The present invention provides a kind of Freehandhand-drawing video intelligent and dubs generation and synchronous method, which is characterized in that the Freehandhand-drawing video intelligent dubs generation and synchronous method includes:S10:Script data is dubbed in acquisition;S20:The script data of dubbing got is standardized;S30:Obtain the characteristic for dubbing script data;S40:Generate intelligent dubbing data;S50:The intelligent dubbing data of generation is synchronized in institute's video scene to be applied;S60:To after synchronizing intelligent dubbing data and video scene be finely adjusted processing.The present invention provides a kind of Freehandhand-drawing video intelligent and dubs generation and synchronous method, based on to different types of a large amount of voice datas are specified, carries out speech model training, and user can choose the sound of a certain type, be dubbed for target video.

Description

A kind of Freehandhand-drawing video intelligent dubs generation and synchronous method
Technical field
The present invention relates to Freehandhand-drawing video intelligents to dub field, and in particular to a kind of Freehandhand-drawing video intelligent dubs generation and same The method of step.
Background technique
In the short-sighted frequency production process of Freehandhand-drawing, sound is an important component part, sound and Freehandhand-drawing animation group together At the short-sighted frequency of Freehandhand-drawing.
And the sound in the short-sighted frequency of Freehandhand-drawing now realizes technology, there are mainly two types of:1. being simply added background music, 2. specially Industry is dubbed personnel and is dubbed according to video image content, and 3. utilize speech synthesis technique, synthesizes the voice of specified text, and These three sound realize technology, each there is many problems and disadvantages.
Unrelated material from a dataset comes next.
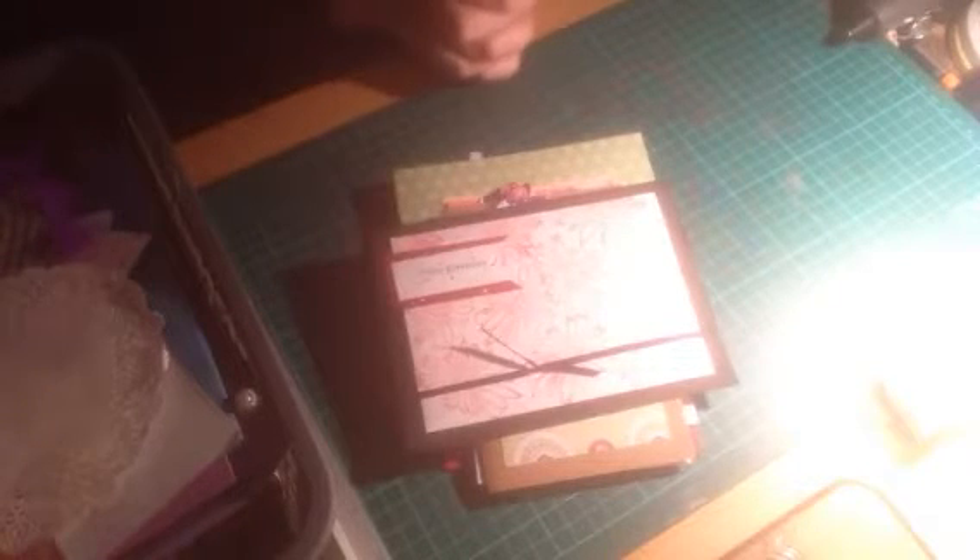Hi everyone. I'm just coming on to do this video of some cards I've been making. A few of them I made last year and then going into this year. I just thought I'd come on and show you some cards.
The first is simply added the mode of background music, and disadvantage music cannot be synchronous with picture material, can not accomplish to picture The effects of explanation in face, can only sound in simple realization Freehandhand-drawing video, the compatible degree of sound and the quality of video are all difficult to protect Card.
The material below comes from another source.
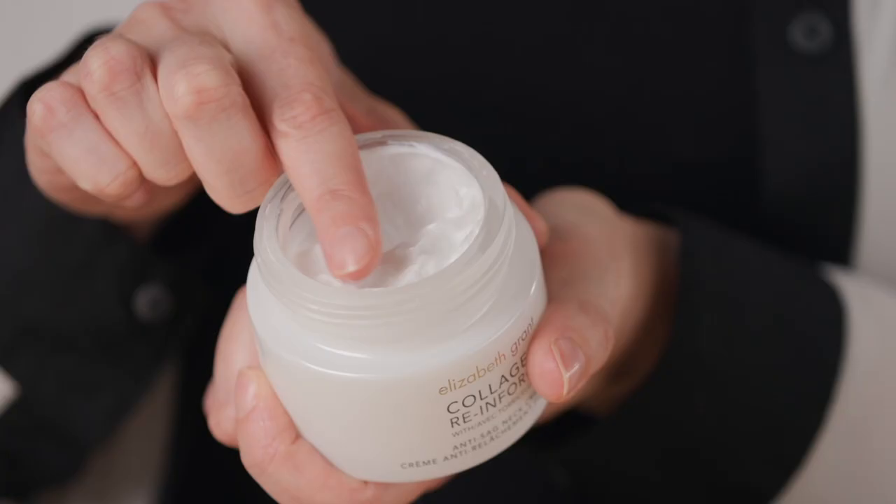Have you ever wondered how to apply our neck cream? Well, I'm going to show you two fantastic tips to give you a younger looking neck and décolleté area in just a matter of a few weeks. With our neck creams, apply it every single morning and every single night.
Second of profession dubs mode, needs to dub script by the personnel that dub of profession, production, uses dubbing for profession Equipment is gone to realize and be dubbed, then using the video editing tool of profession, is synthesized to video dubbing according to video image content In;The shortcomings that this mode, is and profession dubs communication cost between personnel, monetary cost and entirely dubs synthesis process Time cost, once and video content have modification, it is necessary to re-start it is above-mentioned entirely dub process, for common It is that difficulty is biggish that user's use or professional user, which use,.
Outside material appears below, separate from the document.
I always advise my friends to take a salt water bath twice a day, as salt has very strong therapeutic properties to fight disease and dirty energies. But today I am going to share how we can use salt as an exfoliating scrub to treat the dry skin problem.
The third speech synthesis technique, the voice after synthesis, sounder are machine synthetic videos, word speed, intonation, at the tone Reason, fluency etc. all have a long way to go between true man's sound, can not achieve dubbing for high quality in Freehandhand-drawing video.
To sum up, existing technology, the sound for having no idea to complete well in Freehandhand-drawing video are realized at present.
Summary of the invention
In view of this, the present invention, which provides a kind of Freehandhand-drawing video intelligent, dubs generation and synchronous method, based on to it is specified not A large amount of voice datas of same type carry out speech model training, and user can choose the sound of a certain type, be target video into Row is dubbed;And according to the duration of each scene in the short-sighted frequency of target, fine tuning is done to each section in dubbing data and is synchronized;Again to every Gradual change processing is done at the pause of section dubbing data, the case where there are multiple voices to same time point, does reasonable volume adjustment Operation, finally realize the generation intelligently dubbed with it is synchronous.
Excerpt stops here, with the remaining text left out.